Herbert Pixner bei einem Konzert im Gasteig. © imago images/HMB-Media/Schumacher

Bald nach der kurzen Pause – im intimen Residenzhof mit seinen schönen, schlichten Sgraffito-Verzierungen ist es romantisch dunkel geworden - spielt Pixner eine seiner Schlüsselkompositionen: "Alps". Und weil er jedes der zwanzig Stücke dieses Sommerabends kurz an- oder abmoderiert, spricht er von diesem Stück. Es sei eine seiner Impressionen von den Bergen über 2.000 Meter, wo es nach altem Stein und Schnee riecht.

Das Akkordeon baut eine fast klagende, sanft klirrend-vibrierende Weite auf. Etwas sphärisch kommt die E-Gitarre von Manuel Randi dazu, der akustische Bass von Werner Unterlercher begleitet und die Harfe von Schwester Heidi Pixner hält verstärkt das ganze klanglich klar im Alpenraum. Es sei auch "ein Stück gegen rotweiß-kleinkarierte Klischees", sagt der Südtiroler, der vor Jahren schon ins österreichische Tirol gezogen ist. Und irgendwie hat man das Gefühl, dass er damit subtil auf den Alpin-Rockwahnsinn von Andreas Gabalier vor 100.000 Zuschauern in Riem anspielt.
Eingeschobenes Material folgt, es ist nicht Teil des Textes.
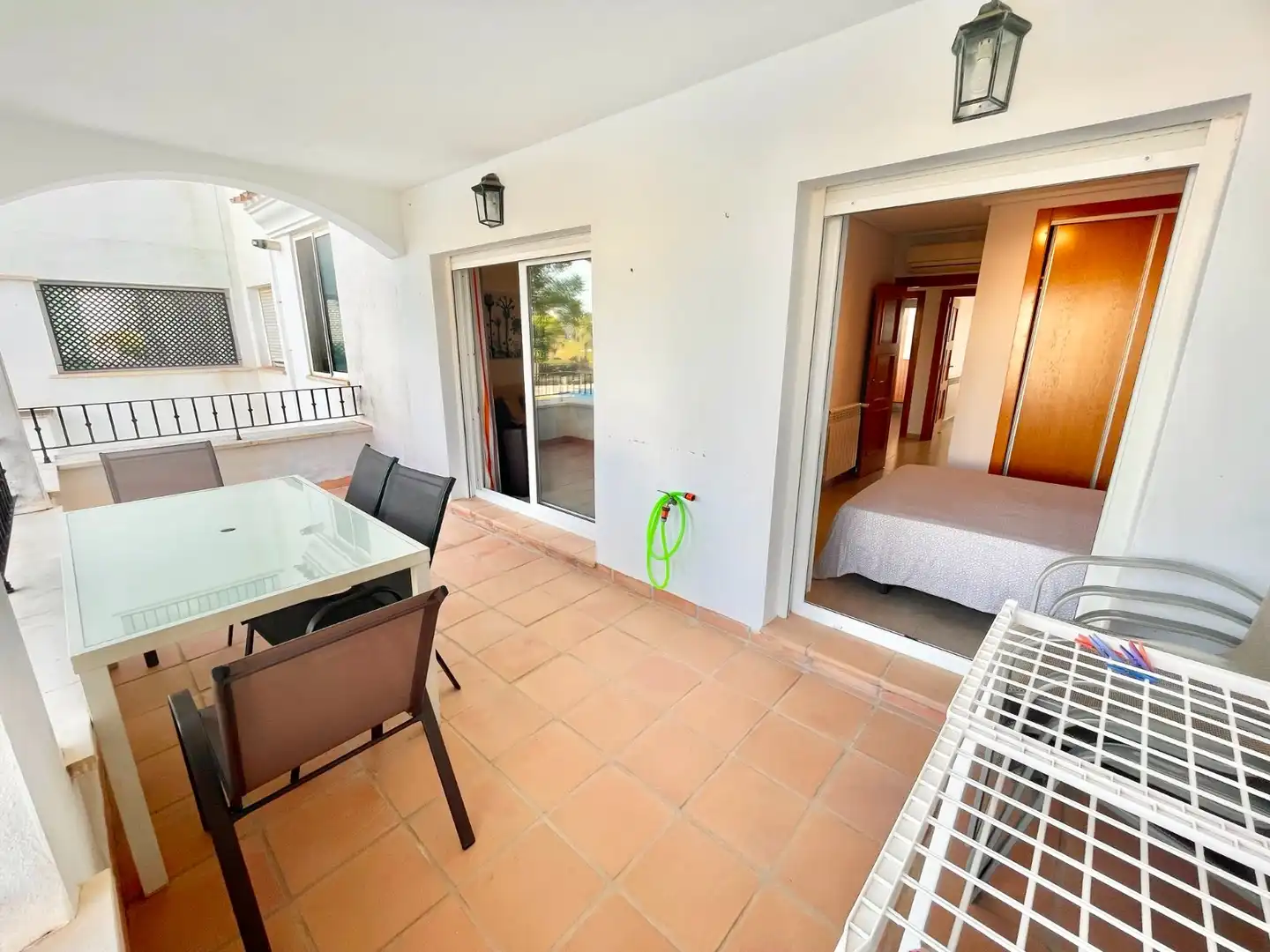 Terrace of Apartments for rent in Torre-Pacheco  with Air Conditioner, Terrace and Furnished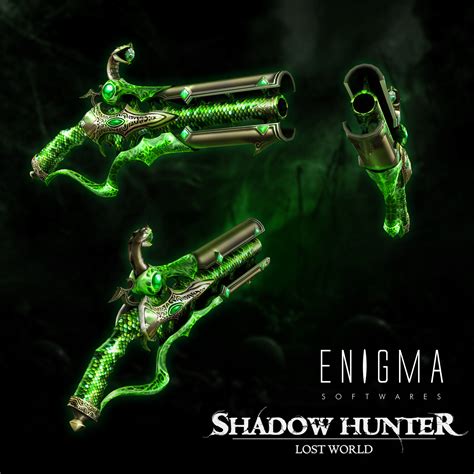 ArtStation - Hydra Scale Weapon Pack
Herbert Pixner: Völlig frei von Volkstümelei

Herbert Pixners Projekt einer Volksmusik "handcrafted from the Alps", wie er auf alle seine Alben schreibt, ist natürlich das Gegenteil vom krachkunstledernen Landhausstil des Volks-Rock'n'Rollers aus der Steiermark. Von dort hat Pixner nur seine Ziach, sein streirisches diatonisches Akkordeon. Und wenn Pixner selbst die Rockkarte spielt und gar "hart harziges" spielt, wie den "Lörget Blues" der neuen CD, ist seine Musik völlig frei von Volkstümelei.
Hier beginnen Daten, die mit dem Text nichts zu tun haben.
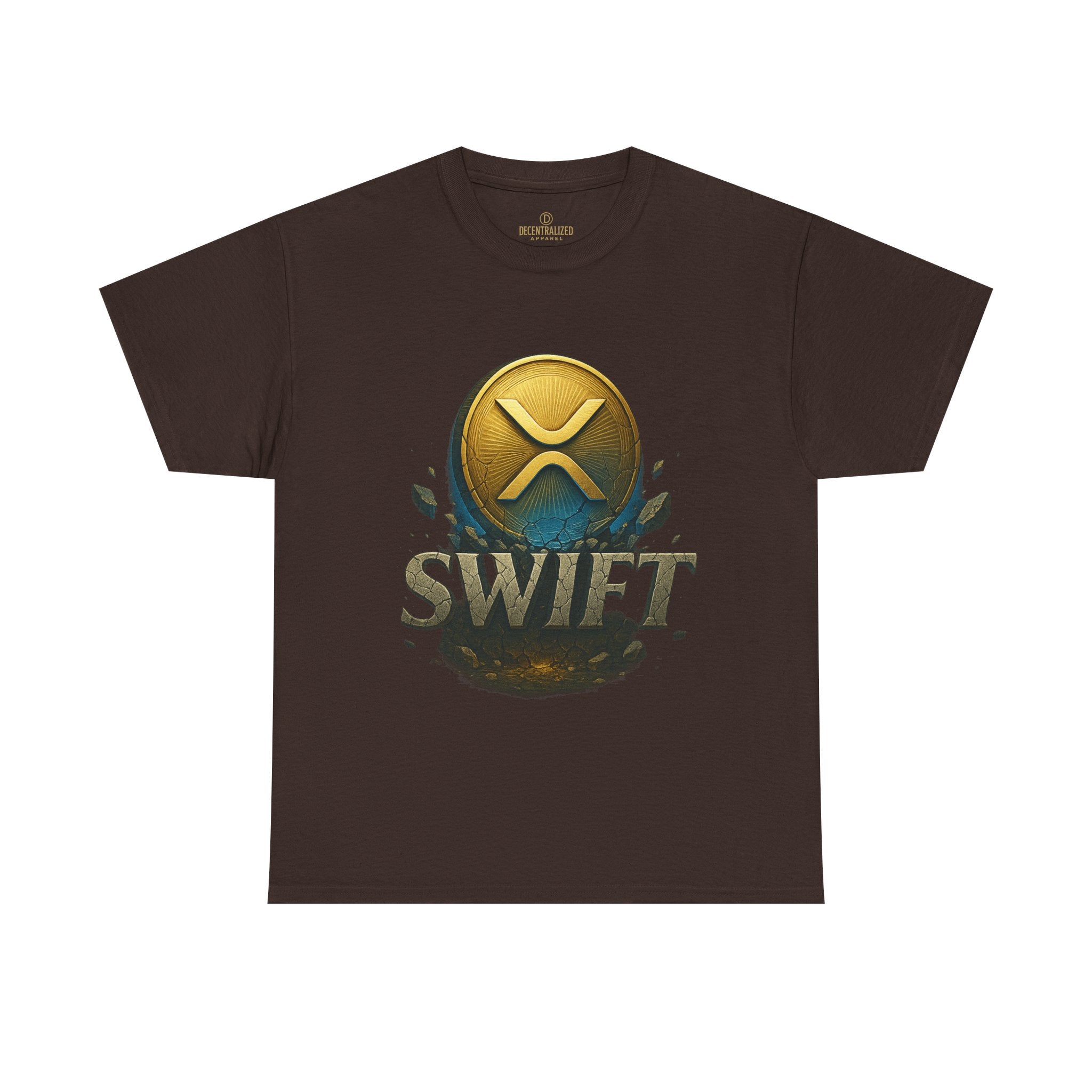 XRP Swift Cryptocurrency T‑Shirt — Ripple Coin Logo Graphic Tee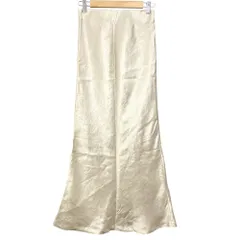 良品 24SS PARIGOT パリゴ マキシ丈 タイト フレアスカート サイズ38 ベージュ レディース 古着 中古 USEDのサムネイル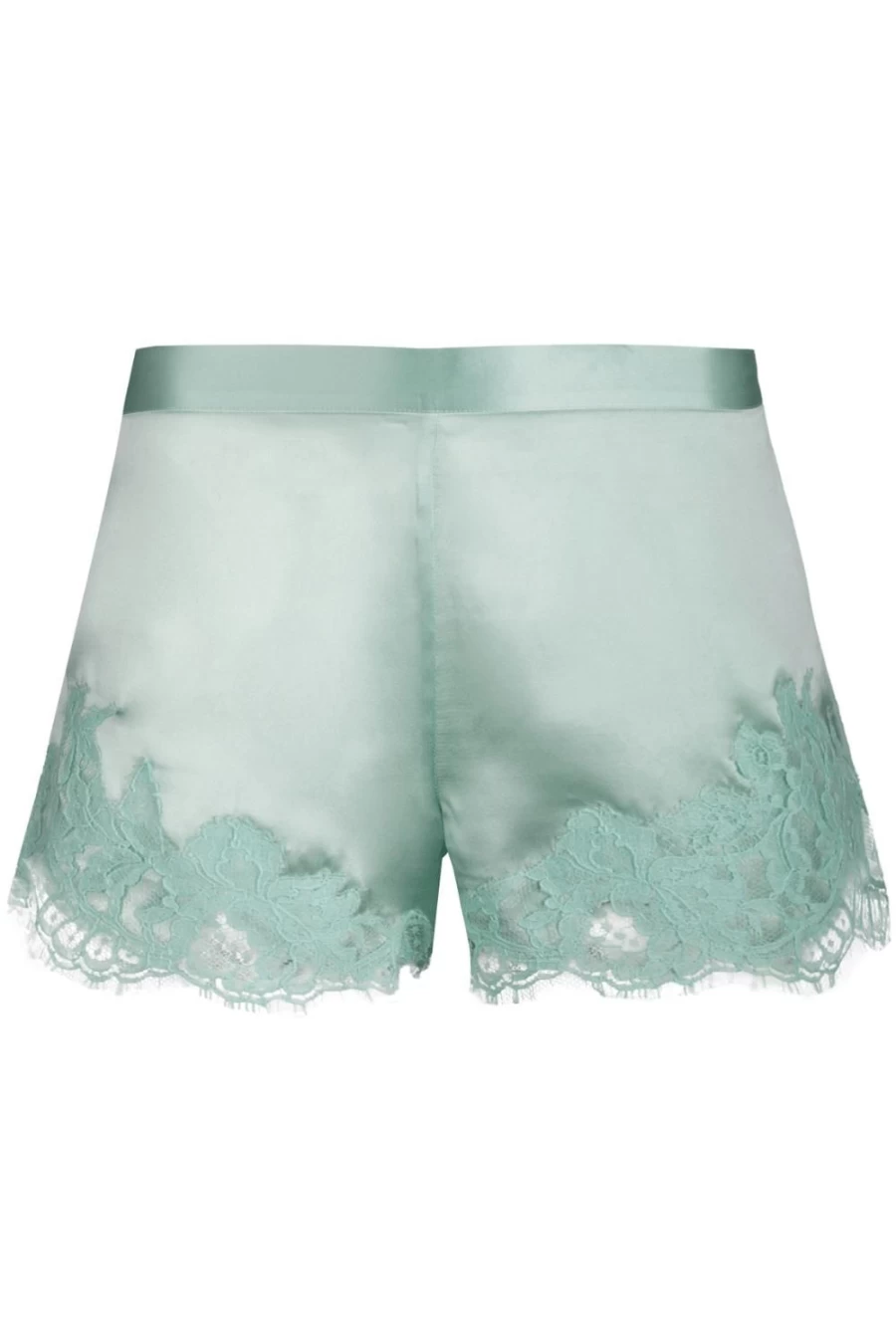 Lise Charmel Amour Nymphea Jade Aqua Pajama Shorts for Women Luxury Sleepwear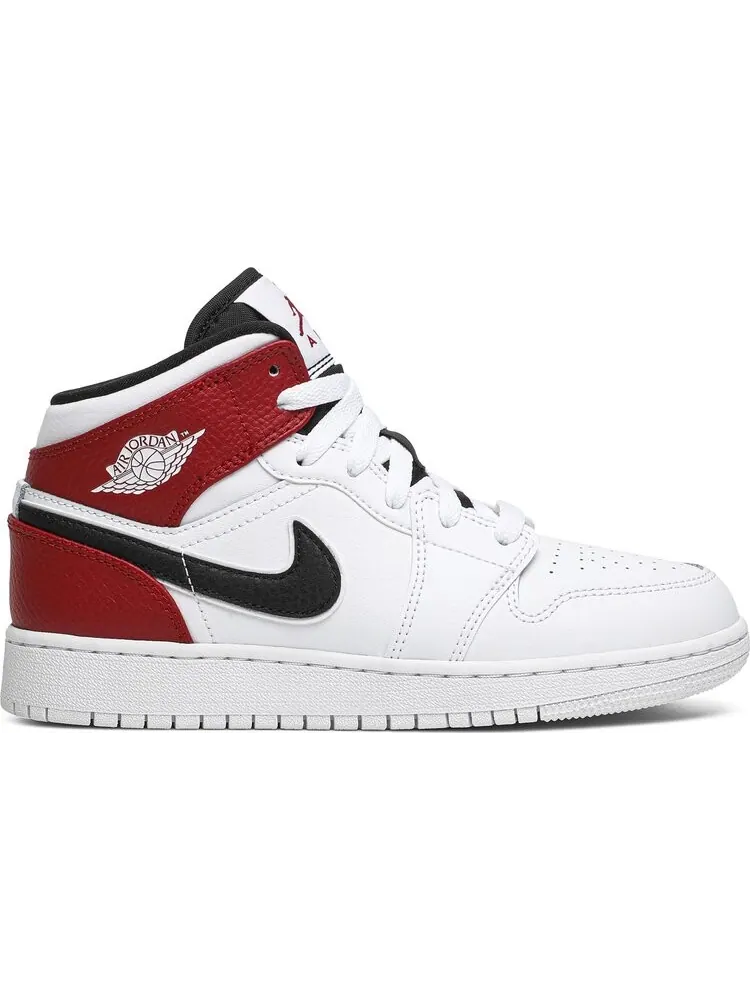 Кроссовки Air Jordan 1 Mid GS Chicago — изображение 1 из 8, белый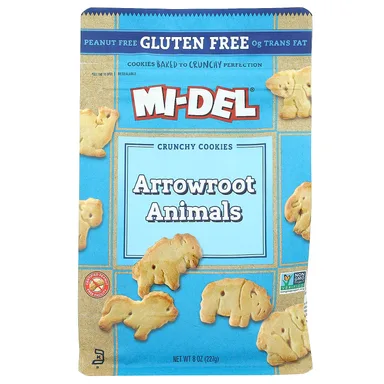 Фото товара: Печенье Mi-Del Cookies Crunchy Arrowroot Animals, 227 г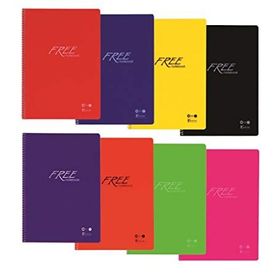 Keskin Color A4 80 Yaprak Çizgili PP Kapak Spiralli Free Defter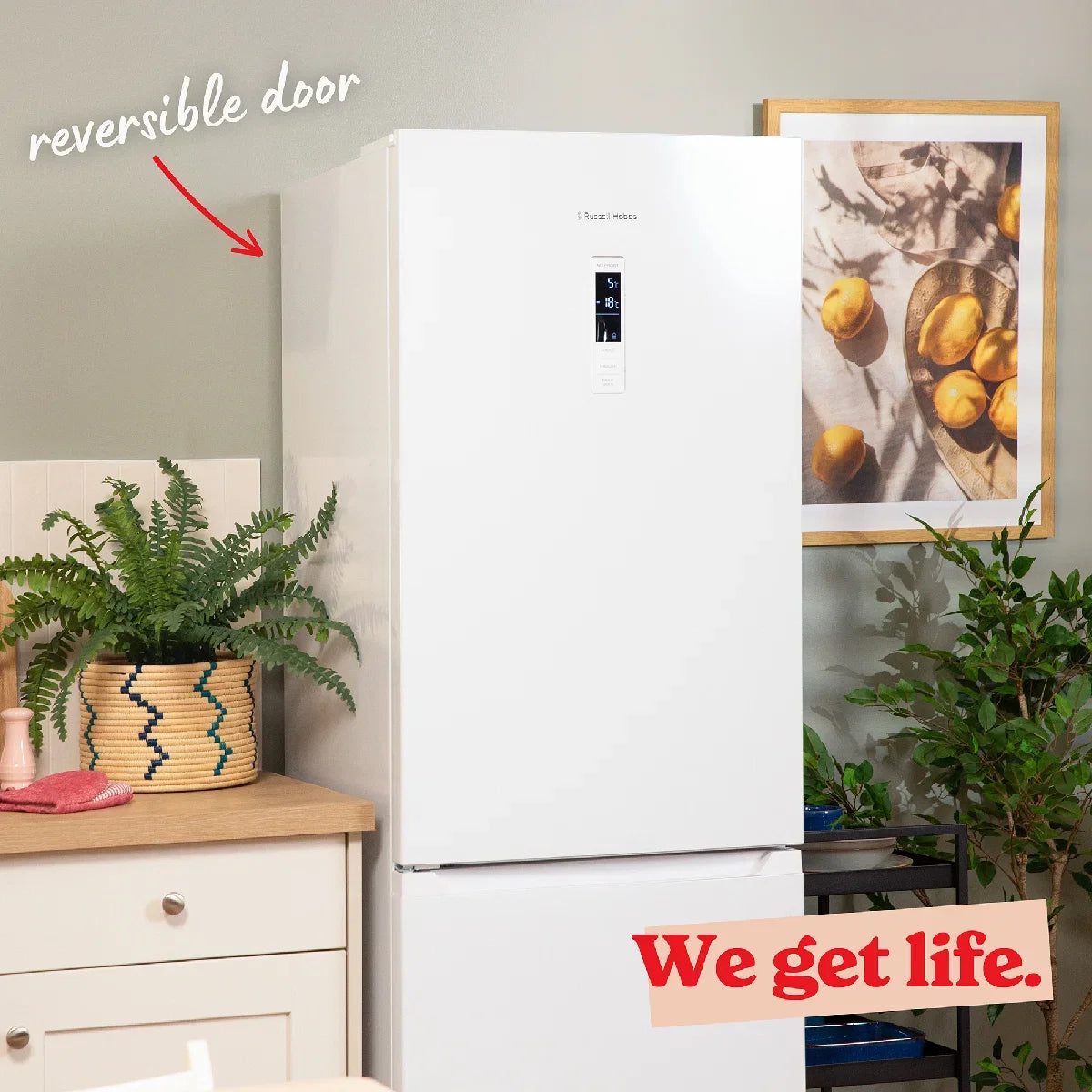 Russell Hobbs RH184FF602C1W, 60/40 Freestanding 323L Total No Frost Fridge Freezer in White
Den ersten Teil hatte Pixner dem neuen Album "Schian!" gewidmet. Auf dem ist auch der Pianist Alessandro Trebo zu hören, aber auf Tour ist Pixner nur im Quartett - und das ist kein Verlust, weil auf dem Album musikalisch unklar bleibt, was ein Konzertflügel musikalisch ergänzen kann, was nicht entbehrlich wäre. Überhaupt ist das Live-Konzert akustisch bewegender als die CD, weil hier in der Sommerabendluft der Klang nicht zu einem dichten Strom verschmilzt, sondern sich die verschiedenen Instrumente - Pixner greift auch noch zu Saxophon, Klarinette und Horn - gut heraushören lassen, auch wenn die verstärkte Harfe etwas untergeht.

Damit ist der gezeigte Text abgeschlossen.